Die Aufregung sorgt schon für Veränderungen. Imme mehr User wollen ihre Emails verschlüsseln. Bisher benutzen die meisten Personen Anbieter bei denen sie die Emails umsonst verschicken können. Doch was umsonst ist kostet meist die eigenen Daten. Diese werden dann zur Werbung genutzt und weiter gegeben. Das Umdenken bei den VerbraucherInnen führt nun zu einem neuem Geschäftsmodell. Erste Emaildienste haben bereits angekündigt sichere Emails anbieten zu wollen. Das wird dann aber Geld kosten. Doch der Markt wird nicht alles richten können. Denn zu einer sicher verschlüsselten Email müssen SenderIn und EmpfängerIn beitragen. Sendet man also eine Email an einen kostenlosen Emailanbieter, der keine sichere Verschlüsselung unterstützt, muss ich das weiterhin offen, wie eine Postkarte senden. Daher schlägt Kai Biermann in der Zeit vor,Anbieter von Emaildiensten dazu zu verpflichten eine Form, die das Briefgeheimnis wahrt anzubieten. Bei Sicherheitsgurten sei ein solcher Zwang auch der einzige gangbare Weg gewesen.

Eine große Chance hin zu einem digitalem Briefgeheimnis wurde mit der De-Mail vertan. Da man mit dieser Email sensible Daten mit Behörden austauschen können soll, ist hier eine sichere Verschlüsselung besonders wichtig.
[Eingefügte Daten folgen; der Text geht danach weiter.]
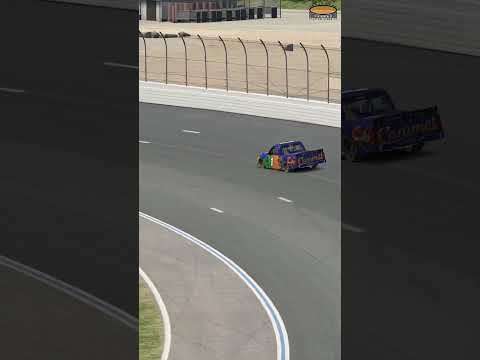 A Tribute to Kyle Busch Video Card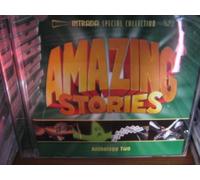 Original Soundtrack - Amazing Stories Anth. 2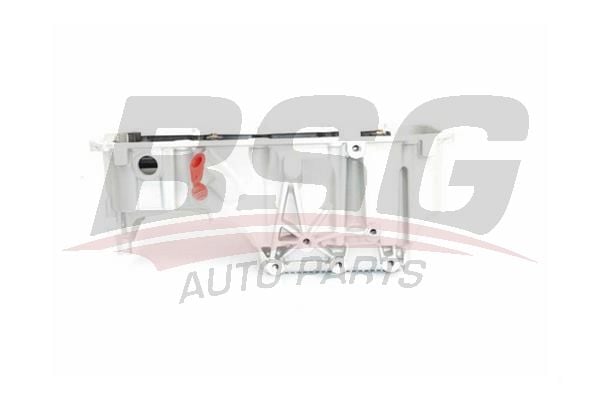 Fiat Pratico 2010-2014 Arası 1.6 D Multijet, 2.0 D Multijet BSG Marka Motor Yağ Karteri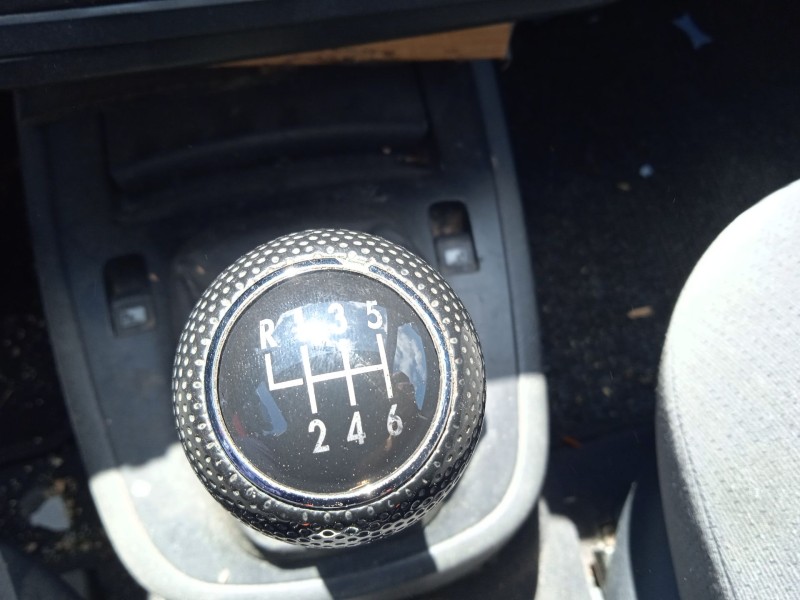 volkswagen sharan (7m8, 7m9, 7m6) del año 2000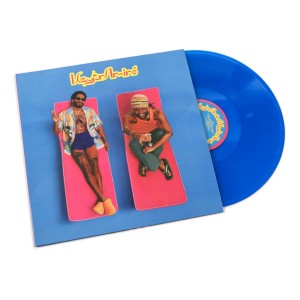 KaytrAminé LP (blue...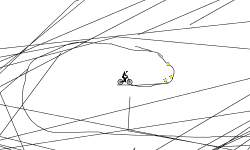 scribbles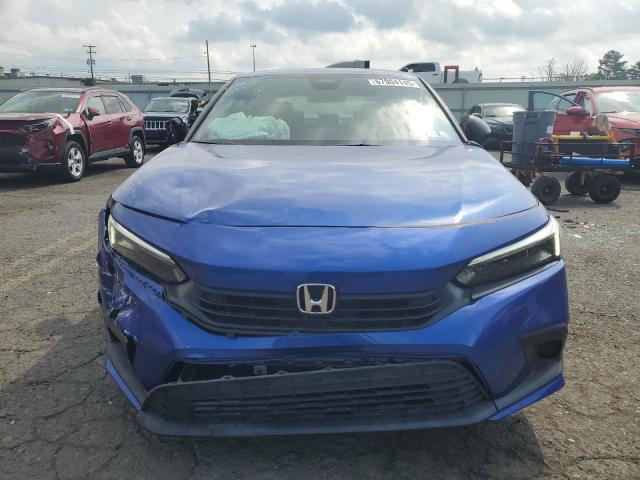 2022 HONDA CIVIC 2HGFE2F52NH507836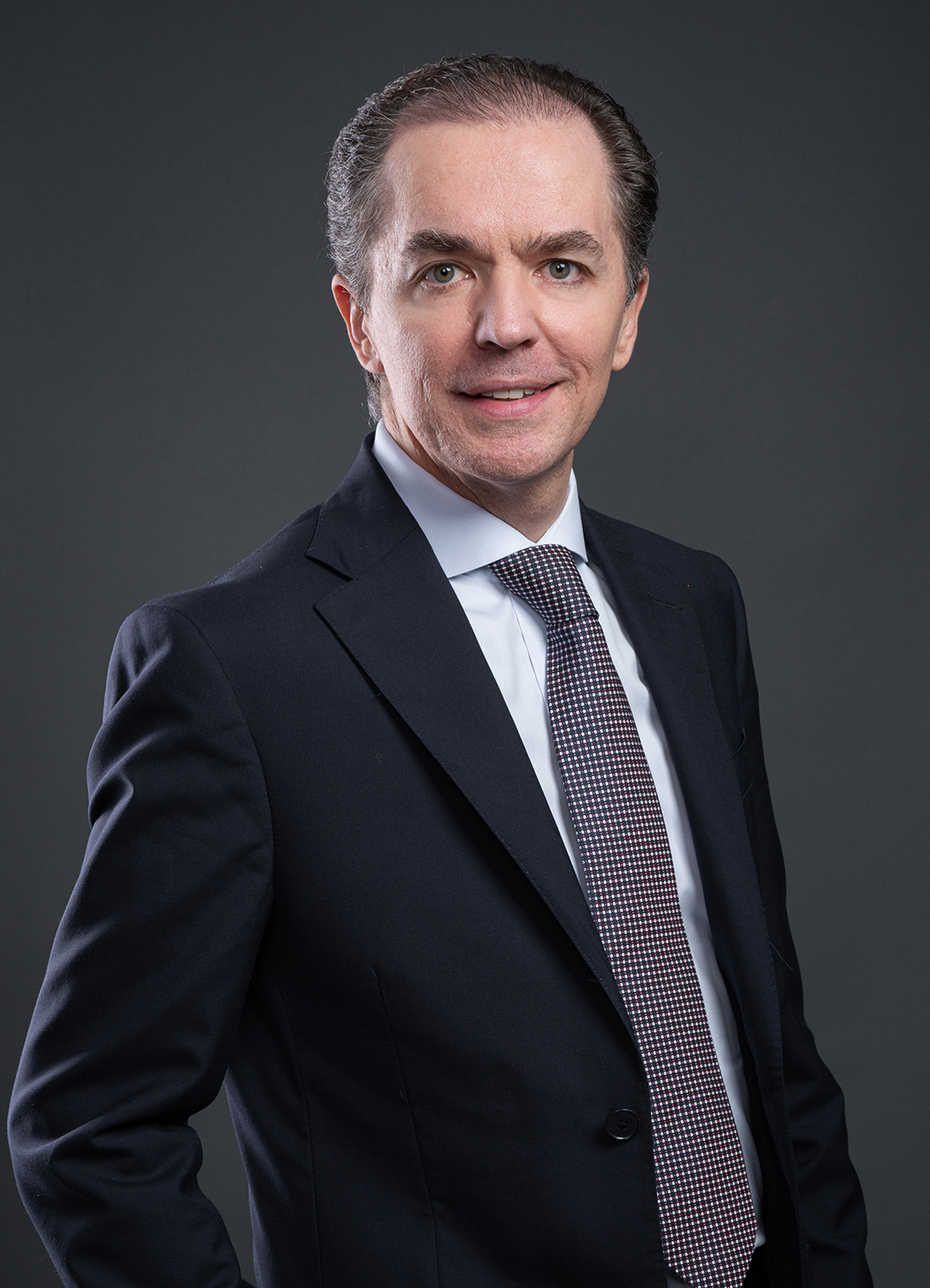 Edgar Romo Reynoso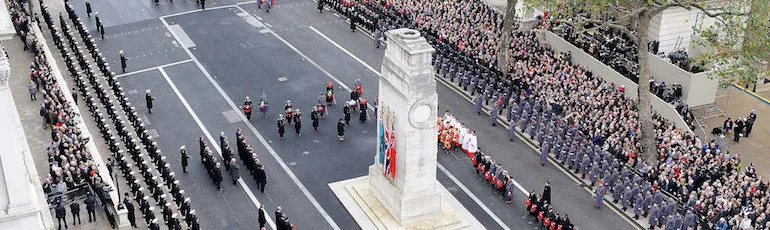Remembrance Sunday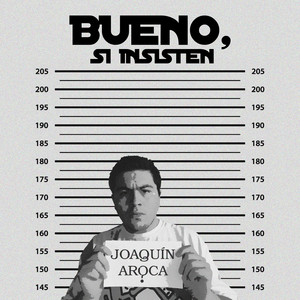 Joaquín Aroca - !!! Ring Ring ¡¡¡ Quién Es?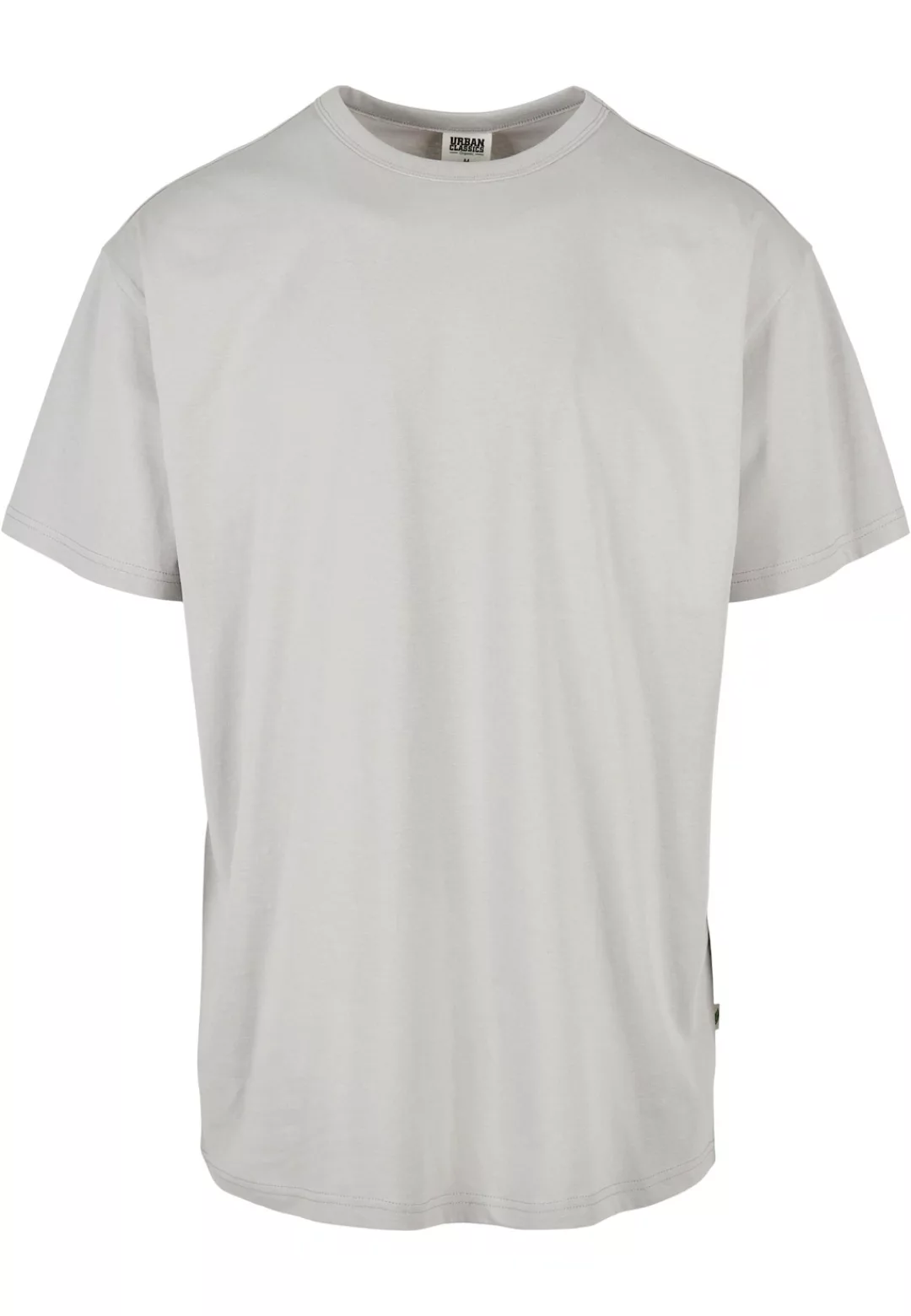 URBAN CLASSICS T-Shirt "Urban Classics Herren Organic Basic Tee", (1 tlg.) günstig online kaufen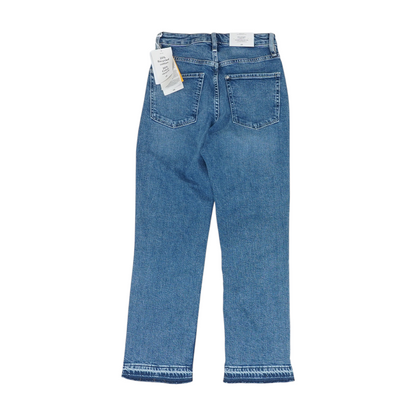 Blue Slim Jeans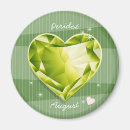 Search for peridot gifts Heart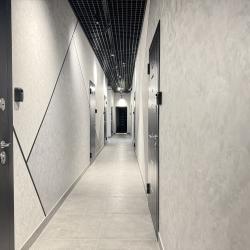 Фото Отель У Кремля — видовая студия на набережной.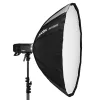 Godox ML60 dupla LED videólámpa szett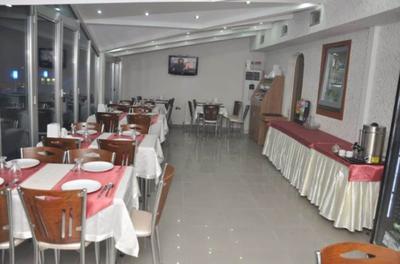 Kastamonu Ergün Otel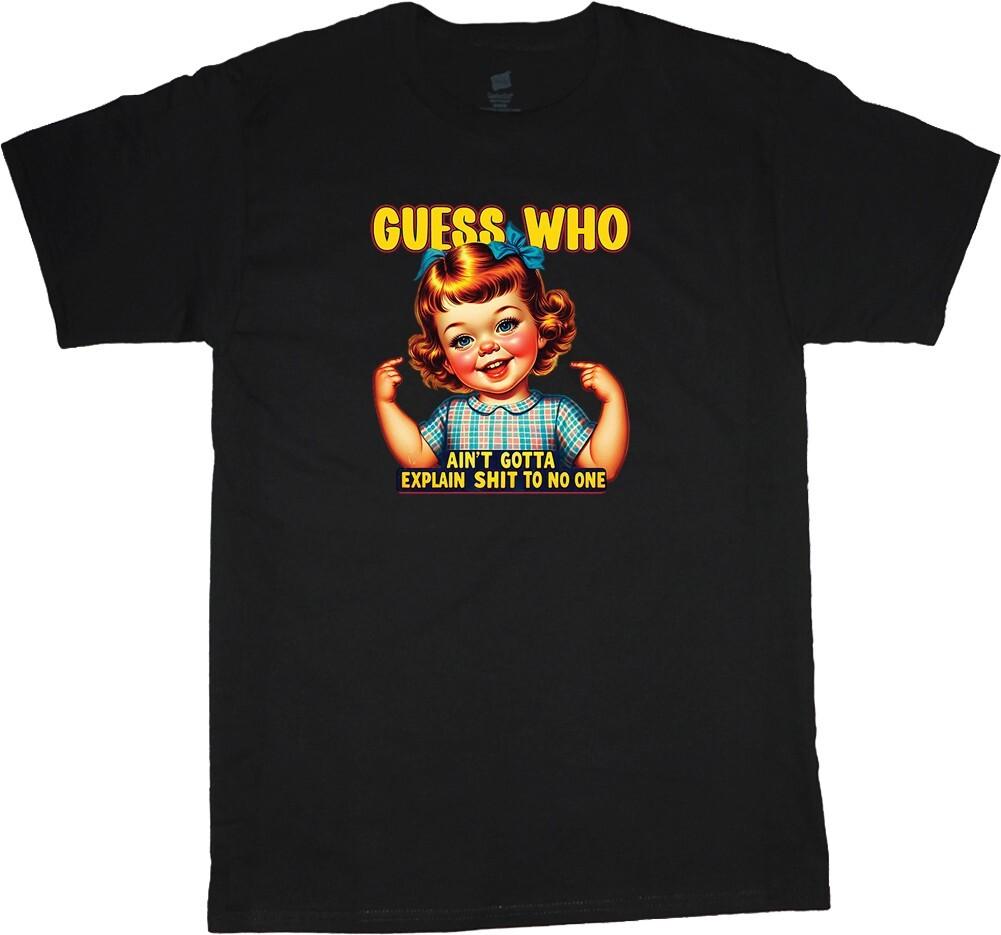 Mens Tshirt Funny Rude Offensive Inappropriate Tshirt for Men Tee Shirts Woman Man Summer Cotton Streetwear Graphic T Shirts S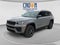 2027 Jeep Grand Cherokee Laredo Altitude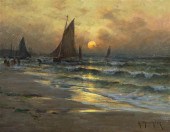 Georges Philibert Charles Maro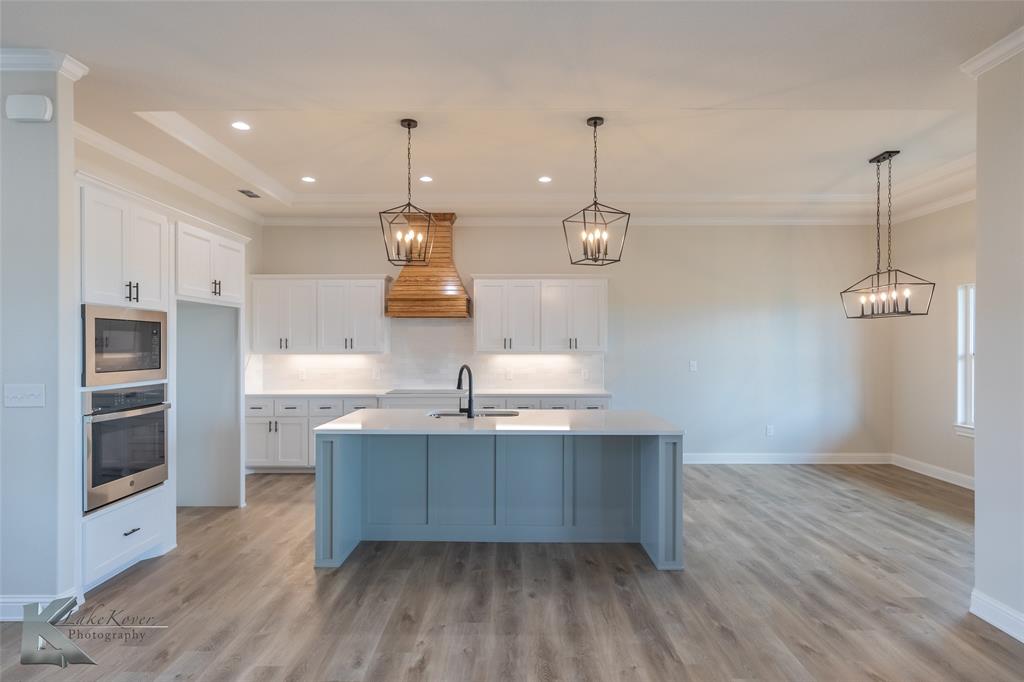 Sendero Ranch - Residential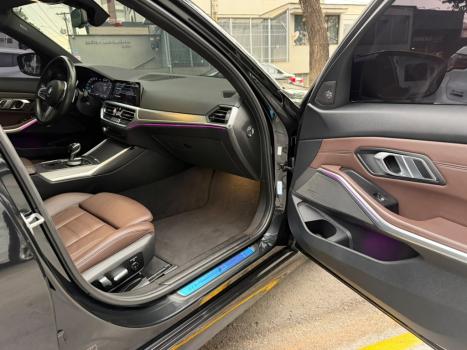 BMW 320I 2.0 16V 4P TURBO M SPORT AUTOMÁTICO, Foto 14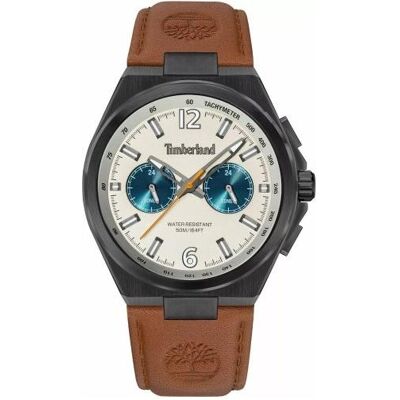 Timberland, Montre, Jonesboro TDWGF0082703, Gris, (Horloge analogique) Timberland, Montre, Jonesboro TDWGF0082703, Gris, (Horloge analogique)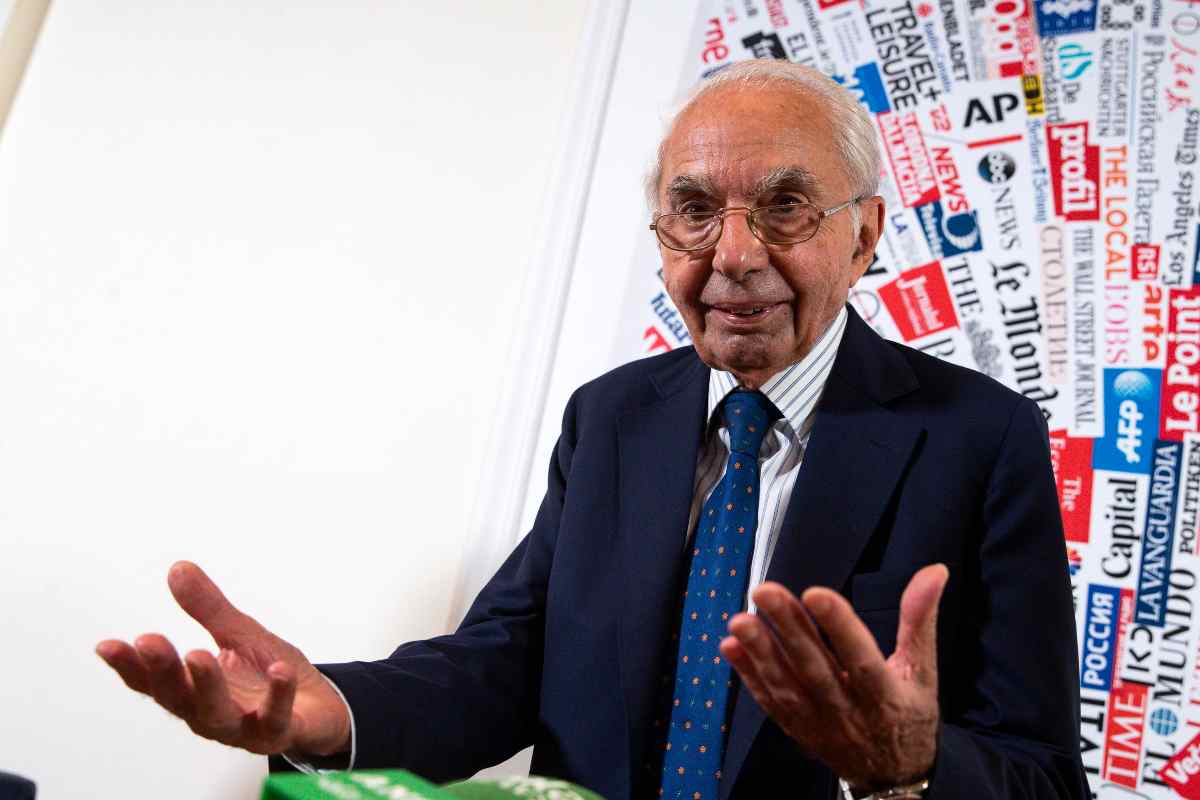 Ustica, il Copasir convoca Giuliano Amato: la situazione Ustica, il Copasir convoca Giuliano Amato: la situazione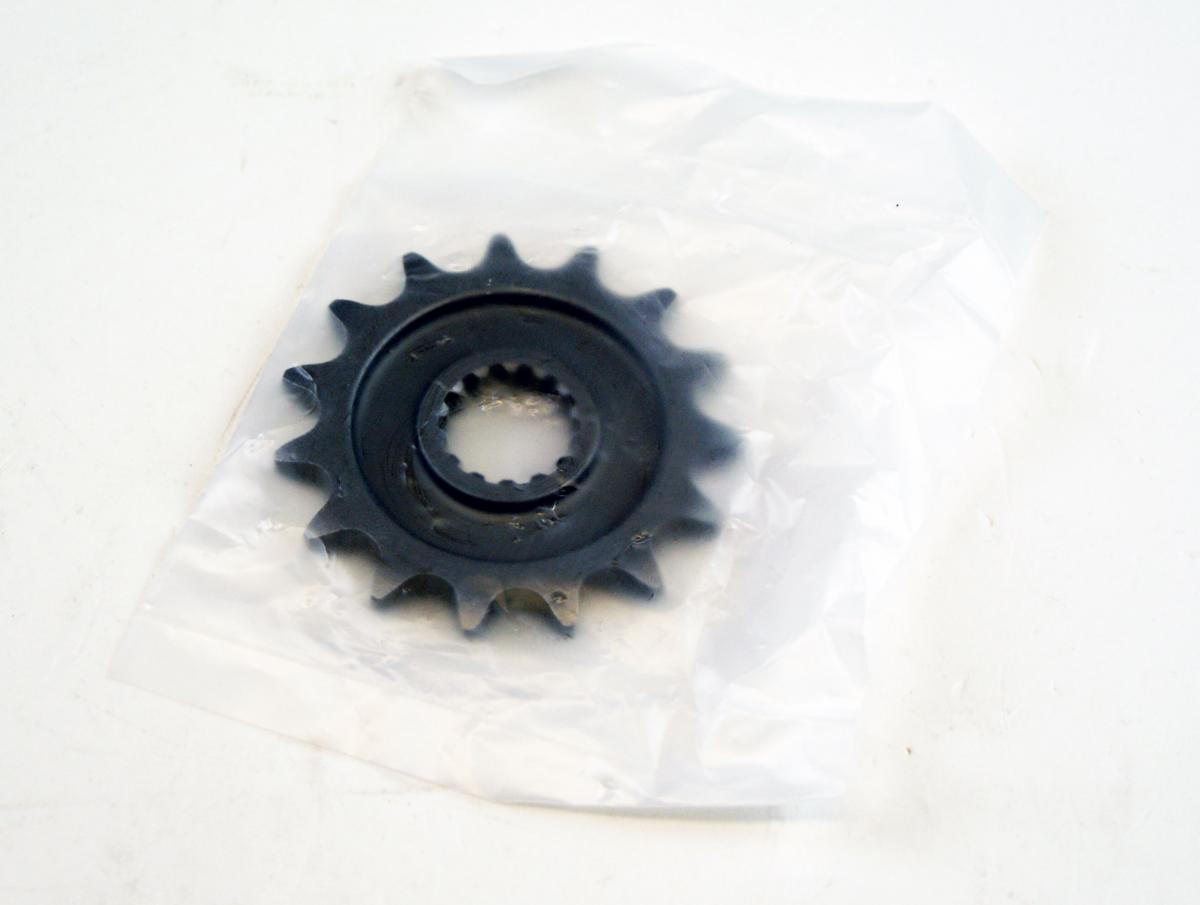 FRONT SPROCKET 15T YAMAHA YZ 65, MX-03287-15, 9381A-14243 thumbnail 2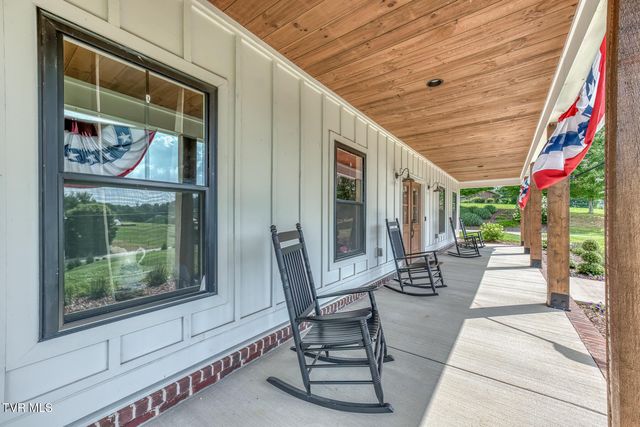 2908 Carroll Creek Road, Johnson City, TN 37615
Gerade hier hätte man eine sichere Verschlüsselungsmethode wählen müssen. Doch der Gesetzgeber hat sich anders entschieden. Der Chaos Computer Club kommt in seinem Gutachten zu dem Urteil, das „die De-Mail kein höheres Sicherheitsniveau als die herkömmliche Email aufweist.“

Hintergrund: bei einer sicheren Verschlüsselung könnte auch der Staat die Emails selbst mit Gerichtsbeschluss nicht unterwegs mitlesen. Daher werden De-Mails vom Anbieter zur Überprüfung entschlüsselt und dann wieder verschlüsselt weiter geschickt. Offiziell geschieht dies um die Mails auf Spam oder Viren zu überprüfen. Doch genau dort wo alle Mails entschlüsselt werden ist ein lohnendes Angriffsziel für Hacker und auch Geheimdienste.

Darüber hinaus besitzt das Konzept der De-Mail so viele grundsätzliche Fehler, das Sascha Lobo sie als „Vorzeigemisserfolg in allen Details“ bezeichnet.

So oder so wird es dauern, bis das Briefgeheimnis als Grundrecht in der Realität des 21 Jahrhunderts ankommt.